Here's a typical small group photographed in a hotel. The original base image chosen for fewest number of revisions required. Then the final released file for print and PR.
I find we’re usually faced with these concerns:
- short notice – sometimes only 2-3 days
- variable size – 35 persons can become anywhere from 24-50
- fluid schedule – expect multiple time changes at the last minute
- fixed location – scouting may be necessary
- lighting concerns – there may not be electricity where you want it, or there are union regs
- clothing variety – casual meetings are just that; expect wide variation, sometimes inappropriate
- ridiculously short photo time – sometimes no more than 5 minutes total
- reasonably friendly people – but with little concentration on the photo
Pre-shoot preparation is a big responsibility:
- scouting the location if you haven’t been there
- asking permission of the planner to make sure what area you can use
- requesting chairs or whatever else you need
- inquire rules about bringing in equipment or hooking up electrical if the venue is a union shop
- advance check out of equipment function before leaving studio
- arrival early enough to complete set and the all important lighting test
- and to trouble shoot inevitable glitches that seem to regularly occur with fast shoots
Posing is key for a graceful arrangement:
- decisions about placing people are made in quick moments
- one seated and two standing rows look best for a typical group of about 25-30
- VIPs or the most attractively dressed subjects in seated row
- tallest standing in back row, shortest in middle row to create the most visible faces
- people of size in back, and not together
- rearrange clothing colors alternating light/dark to balance the image (I could have done a bit better on this one with one more minute time)

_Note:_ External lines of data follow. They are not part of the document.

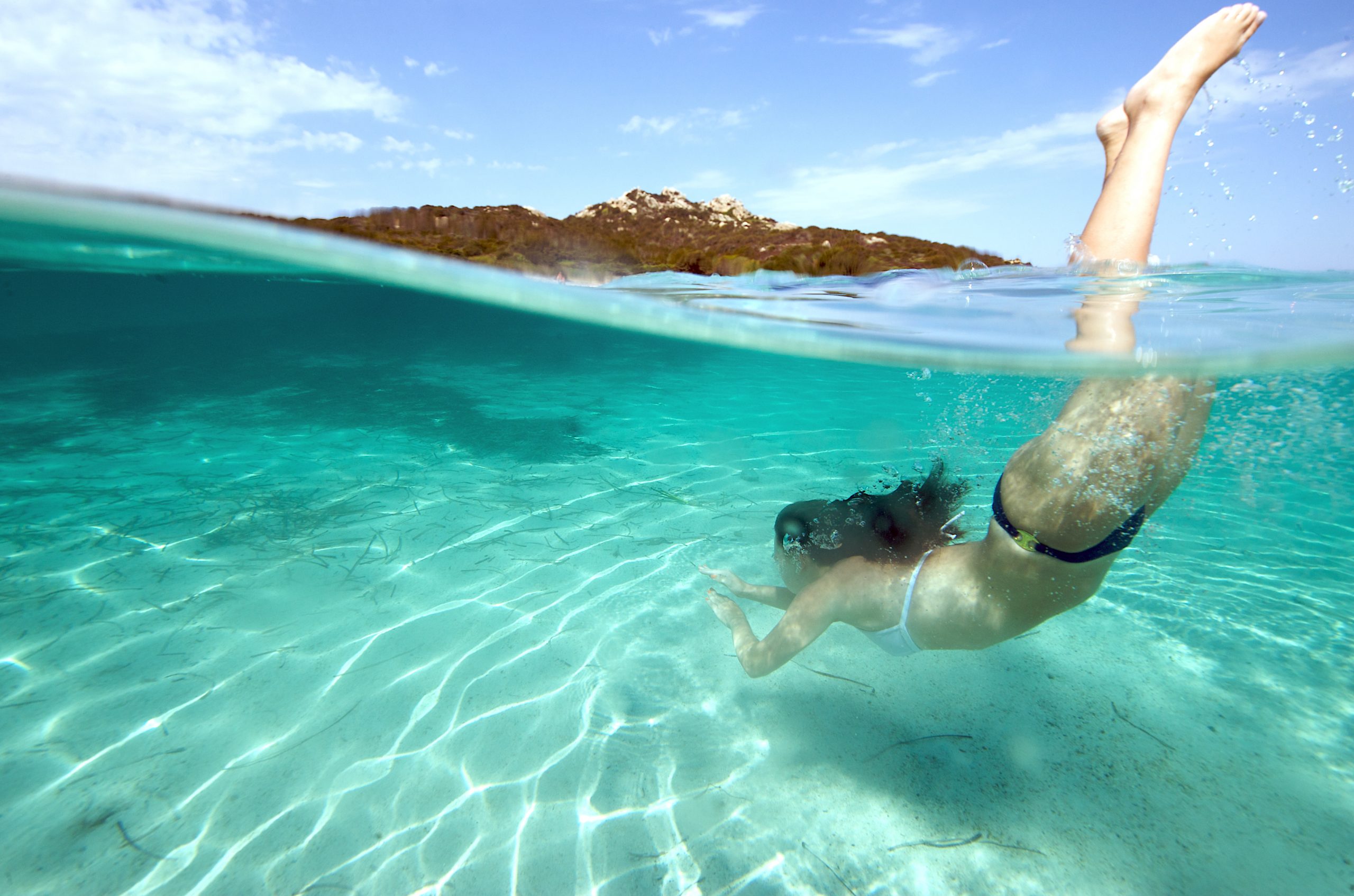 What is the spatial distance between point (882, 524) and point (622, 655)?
8.12 feet

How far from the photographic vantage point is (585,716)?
422 centimetres

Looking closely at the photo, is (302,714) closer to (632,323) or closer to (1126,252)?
(1126,252)

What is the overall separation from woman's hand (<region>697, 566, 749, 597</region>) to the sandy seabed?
0.35m

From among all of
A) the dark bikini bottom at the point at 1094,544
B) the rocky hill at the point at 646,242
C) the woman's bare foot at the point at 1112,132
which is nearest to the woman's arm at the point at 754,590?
the dark bikini bottom at the point at 1094,544

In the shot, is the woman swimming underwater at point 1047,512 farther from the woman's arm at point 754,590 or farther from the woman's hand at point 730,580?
the woman's hand at point 730,580

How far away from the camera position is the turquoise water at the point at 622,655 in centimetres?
333

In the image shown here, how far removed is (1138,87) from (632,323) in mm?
7462

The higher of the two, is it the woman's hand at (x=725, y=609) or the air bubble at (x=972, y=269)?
the air bubble at (x=972, y=269)

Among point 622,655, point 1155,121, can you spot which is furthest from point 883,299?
point 622,655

- review each person to correct collars or ties askew, pants legs wrinkled etc.
- place feet of front row subjects for uniformity
- in standing rows each head and shoulders is clearly visible and even
Optimization in Photoshop is now where I make my money.
Optimizing any group portrait is commonplace. The public has grown to expect miracles in Photoshop, because everyone has seen how head switches are done on TV, and they think it’s routine. I’ll give it to them, but not for free. The postproduction charge is built into the bid.
- From the library of about 10-12 identical shots, I select the base image where the least amount of adjustments are needed. I examine each and every head and switch those needed for better expressions from other frames. Sometimes I change only the eyes or mouth.
- For people of size, whenever possible I give a little slenderizing in Liquify.
- Significant eye bags and neck wrinkles are softened either with a low opacity blur tool or the patch tool.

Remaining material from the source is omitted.